Le Culturactif: Quelles raisons
vous ont-elles amené à quitter le Portugal ?
Et à vous installer précisément en Suisse
?
Luiz-Manuel: Volontairement exilé
en 1962, pour des raisons politiques, après avoir été
arrêté à deux reprises, pendant quelques
mois, sous la dictature. Des amis suisses m'ayant encouragé
à les rejoindre en Suisse, je m'y suis installé...
et je m'y suis enraciné.
Comment vous êtes-vous senti
accueilli en Suisse en tant qu'auteur (tant du côté
des lecteurs que de vos confrères et du milieu de la
littérature et de la culture) ?
Arrivant en Suisse, je n'avais pas
grand chose dans mon bagage littéraire. Puis, il y
a eu un long processus d'acclimatation: l'insertion professionnelle,
sociale et même politique; l'acquisition de la maîtrise
de la langue aboutissant au bilinguisme; le début de
l'activité de traducteur de poésie; l'entrée
en écriture; la découverte d'une vocation de
passeur s'exprimant surtout par le biais de la traduction
mais empruntant parfois les chemins de l'amitié littéraire
pour s'épanouir. Tout le long de ce cheminement, je
me suis toujours senti bien accueilli.
Réciproquement, quel effet
vous a fait le milieu littéraire suisse au moment de
votre arrivée?
J'ai surtout été fasciné
par la richesse de la littérature suisse, particulièrement
de la littérature romande, dont j'ignorais pratiquement
tout. A mon arrivée, on m'a offert un livre: Le
testament du Haut-Rhône, de Chappaz. Et c'est par
le biais de ce beau texte que j'ai entamé mon apprentissage
de la littérature romande (du reste, Maurice Chappaz
est devenu plus tard un ami pour moi et c'est lui qui a préfacé
mon premier recueil en français).
La Suisse découvre les richesses
des littératures d'immigration, qui bénéficient
d'un début de reconnaissance - il y a quelques années
on a ainsi commencé à parler d'une "cinquième
littérature de Suisse". Quel regard portez-vous
sur cette tendance récente? Vos impressions sur le
milieu littéraire suisse ont-elle changé au
fil du temps ?
Mes premières impressions n'ont
pas changé: je considère toujours que la littérature
suisse est d'une richesse inouïe, souvent méconnue
à l'étranger. Quant à la "cinquième
littérature de Suisse", je me réjouis de
voir qu'elle bénéficie d'un début de
reconnaissance: comme dans d'autres domaines, l'apport littéraire
des immigrés ne saurait être que bénéfique.

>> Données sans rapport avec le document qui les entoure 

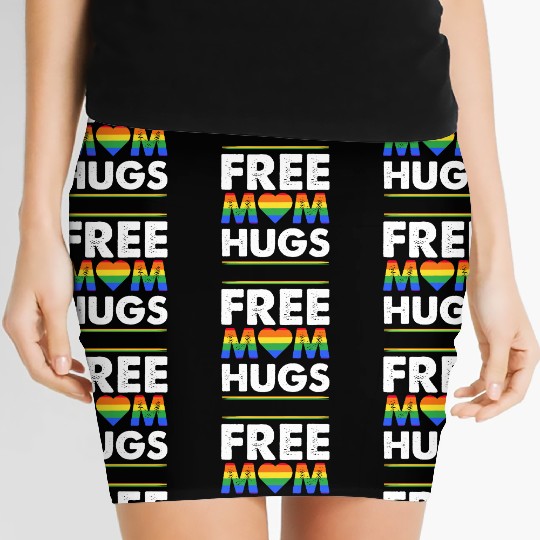Free Mom Hugs Rainbow Parade Pride Month LGBTQ Women's Mini Skirts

Cependant, c'est un processus très lent et il faut
parfois attendre la deuxième ou la troisième
génération pour voir émerger des écrivains
"suisses" issus de l'immigration. A titre d'exemple,
je citerais le cas de l'immigration portugaise en Suisse,
très récente: les écrivains issus de
cette communauté ayant déjà publié
un ou deux livres appartiennent tous à la première
génération et écrivent tous - sauf moi-même
- en portugais.
Quels rapports entretenez-vous aujourd'hui
avec votre pays d'origine ? Vous y rendez-vous souvent ? Y
comptez-vous des lecteurs?
Pendant les douze premières
années de vie en Suisse, je ne suis pas retourné
au Portugal. Y retournant pour la première fois en
1974, après la Révolution des oeillets, j'étais
un peu décalé par rapport à mon pays
natal - comme si je lui étais devenu étranger.

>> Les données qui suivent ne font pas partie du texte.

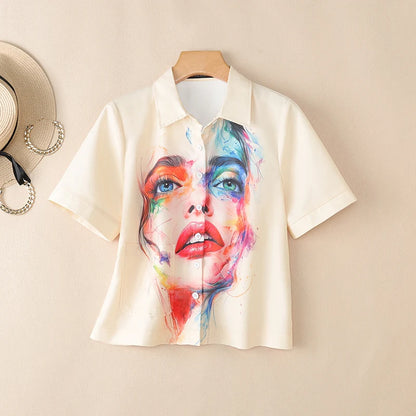 ZANZEA Woman Abstract Art Printing Short Sleeve Shirts Turn-Down Collar Button Up Blouses Summer Casual Daily Streetwear Top 3XL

Et il m'a fallu un certain temps pour me réapproprier
le Portugal et pour accepter totalement mon appartenance à
deux pays, au demeurant très différents l'un
de l'autre. J'ai encore de la famille au Portugal et j'y retourne
au moins tous les deux ans. Mais j'entretiens des liens -
au moins épistolaires -avec de nombreux correspondants
portugais (famille, amis, etc.), surtout via courriel. Par
ailleurs, il existe aujourd'hui en Suisse une forte colonie
portugaise et je participe encore énormément
à la vie associative dans les milieux portugais - comme
dans les milieux suisses, du reste. Ayant aussi publié
en portugais, je compte nécessairement des lecteurs
au Portugal, surtout dans ma région natale.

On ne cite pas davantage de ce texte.